The Children’s Choir Summit, also held each July, provides training for children’s choir leaders. Karen Gosselin, an associate and music specialist in the office of worship leadership and church music, leads this training with sessions adaptable to the needs of churches and associations.
Hibbs’ office also provides training events like the annual One Day for Worship Leaders, a conference for worship leaders and pastors to attend as a team. This year’s conference is scheduled for Thursday, August 29, from 9 a.m. to 2:30 p.m. at Hunter Street Baptist Church, Birmingham (2600 John Hawkins Parkway, Hoover, Alabama) and will feature author and director of LifeWay Worship Mike Harland sharing thoughts from his book “Worship Essentials.”
Harland will lead the morning session, and in the afternoon a panel of five pastor and worship leader teams from churches around the state will discuss how they approach worship in their churches.
The list of panelists includes Derek Gentle and Michael Scarborough, First Baptist Church, Tallassee; John Brock and B.J. Price, Highland Baptist Church, Florence; David Eldridge and John Woods, Dawson Memorial Baptist Church, Birmingham; Rusty Sowell and Thomas Smith, Providence Baptist Church, Opelika; and Buddy Champion and Joe Estes, First Baptist Church, Trussville.

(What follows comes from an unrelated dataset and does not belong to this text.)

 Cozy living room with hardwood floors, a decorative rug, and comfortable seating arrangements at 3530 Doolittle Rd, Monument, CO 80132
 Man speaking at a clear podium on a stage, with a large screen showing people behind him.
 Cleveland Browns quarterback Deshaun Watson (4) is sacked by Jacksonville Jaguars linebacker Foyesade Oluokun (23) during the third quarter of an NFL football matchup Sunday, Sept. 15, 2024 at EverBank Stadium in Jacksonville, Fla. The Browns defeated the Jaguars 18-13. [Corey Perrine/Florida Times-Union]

“This year’s timely focus on worship essentials as outlined in Harland’s book and then the opportunity to dialogue with these worship leadership teams affords a wonderful opportunity for worship leaders and pastors to take one day and receive inspiration, continued training and networking.”
Hibbs and his team also provide other adaptable training events for associations and churches where groups can learn tips for leading worship, using technology, leading a choir and a variety of other topics.
Worship Music Emphasis Week will be observed August 18–24, providing churches and associations the opportunity to highlight worship music and worship leaders.